SOON (SOON) Price Prediction

By CMC AI
05 June 2026 07:49AM (UTC+0)
TLDR

SOON's price outlook hinges on balancing technical adoption against persistent supply pressures.

  1. Ecosystem Adoption & Utility – Growth of SOON Stack rollups and staking could drive fundamental demand for the token as a native gas and governance asset.

  2. Exchange Listings & Sentiment – Major listings like Upbit provide liquidity and visibility, but often trigger volatile “sell-the-news” reactions from traders.

  3. Supply Dynamics & Unlocks – Scheduled token unlocks (e.g., May 23) introduce sell-pressure risk, while governance-led burns aim to counter dilution.

Deep Dive

1. Ecosystem Adoption & Utility (Bullish Impact)

Overview: SOON’s core value is tied to its Super Adoption Stack (SAS)—SOON Mainnet, SOON Stack for deploying SVM L2s, and InterSOON for cross-chain messaging. The token is designed as the native gas and governance asset across this ecosystem. Staking went live on May 29, 2025, offering yields from a 3% annual inflation and providing utility through the liquid staking token $gSOON. Future upgrades plan to integrate staking with network security, potentially increasing lock-up demand.

What this means: Successful adoption of SOON Chains would create organic, recurring demand for SOON tokens for transaction fees and staking, providing a fundamental price floor. Increased Total Value Locked (TVL) and active addresses on the mainnet are key metrics to watch for validating this demand. (SOON Documentation, SOON Staking Announcement)

2. Exchange Listings & Sentiment (Mixed Impact)

Overview: Listings on major exchanges like Upbit (April 17, 2026) and Binance Alpha have historically driven short-term price surges by improving accessibility and liquidity. For instance, the Upbit KRW listing led to an 81% rally. However, on-chain analysts noted immediate sell-offs by whales following the announcement, highlighting the “buy the rumor, sell the news” pattern common in crypto.

What this means: While new listings expand the investor base and can cause sharp price appreciations, they also attract profit-taking from early holders, leading to high volatility. The price reaction often depends on broader market sentiment; during risk-off periods, the positive impact may be short-lived. (CCN Analysis, 0xInChain on X)

3. Supply Dynamics & Unlocks (Bearish/Neutral Impact)

Overview: Vesting schedules and token unlocks pose a consistent overhang. Data indicates an unlock was scheduled for May 23, 2026, and a past event on May 23, 2025, saw 58.3M SOON ($8.8M) staked from a vesting wallet. To counter dilution, the SOON Foundation passed a governance proposal (SIP-001) in July 2025 to burn 30 million SOON (3% of supply) and implement a buyback program.

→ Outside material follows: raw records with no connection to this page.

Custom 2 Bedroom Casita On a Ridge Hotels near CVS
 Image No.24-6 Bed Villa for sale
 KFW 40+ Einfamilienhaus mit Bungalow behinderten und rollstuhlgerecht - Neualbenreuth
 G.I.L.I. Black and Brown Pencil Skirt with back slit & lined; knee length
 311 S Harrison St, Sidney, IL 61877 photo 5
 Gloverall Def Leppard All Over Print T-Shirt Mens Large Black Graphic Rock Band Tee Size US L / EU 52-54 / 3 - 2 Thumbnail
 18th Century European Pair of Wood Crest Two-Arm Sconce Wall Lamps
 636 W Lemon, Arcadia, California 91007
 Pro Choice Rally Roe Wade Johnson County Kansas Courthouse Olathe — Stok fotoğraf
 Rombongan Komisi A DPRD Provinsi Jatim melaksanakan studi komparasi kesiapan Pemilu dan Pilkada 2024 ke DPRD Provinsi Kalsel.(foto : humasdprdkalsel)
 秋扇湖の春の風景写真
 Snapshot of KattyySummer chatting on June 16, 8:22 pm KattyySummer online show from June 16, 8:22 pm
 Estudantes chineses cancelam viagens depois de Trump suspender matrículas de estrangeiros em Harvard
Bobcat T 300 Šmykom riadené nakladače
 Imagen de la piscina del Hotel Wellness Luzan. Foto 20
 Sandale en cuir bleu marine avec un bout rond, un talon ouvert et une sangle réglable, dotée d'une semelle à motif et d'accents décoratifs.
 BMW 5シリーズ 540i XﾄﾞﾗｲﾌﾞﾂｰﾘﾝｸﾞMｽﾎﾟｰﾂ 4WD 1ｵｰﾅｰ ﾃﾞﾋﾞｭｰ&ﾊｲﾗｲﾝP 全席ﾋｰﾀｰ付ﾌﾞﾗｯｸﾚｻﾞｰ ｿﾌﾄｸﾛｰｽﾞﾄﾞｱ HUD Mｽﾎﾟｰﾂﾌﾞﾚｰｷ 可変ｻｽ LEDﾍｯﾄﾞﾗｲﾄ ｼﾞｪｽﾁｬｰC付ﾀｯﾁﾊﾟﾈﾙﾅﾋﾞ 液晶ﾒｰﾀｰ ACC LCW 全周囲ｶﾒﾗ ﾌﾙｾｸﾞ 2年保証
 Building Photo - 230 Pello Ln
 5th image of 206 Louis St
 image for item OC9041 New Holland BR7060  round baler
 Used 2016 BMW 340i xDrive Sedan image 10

What this means: Unlock events can lead to increased selling pressure if recipients liquidate, potentially capping price gains in the short term. Conversely, active token burns and buybacks can reduce circulating supply, providing a structural bullish counterweight if sustained. Monitoring the net change in circulating supply post-unlock is crucial. (0xNox on X, SOON Foundation Recovery Plan)

Conclusion

SOON's path involves a tug-of-war between its innovative utility and recurring supply unlocks. Near-term price may be swayed by trader sentiment around exchange activity, but medium-term trajectory will likely be determined by real ecosystem usage and the effectiveness of supply management.
For a holder, does the project's adoption growth outpace its vesting schedule? Watch the circulating supply trend and mainnet activity after the next unlock.

CMC AI can make mistakes. Not financial advice.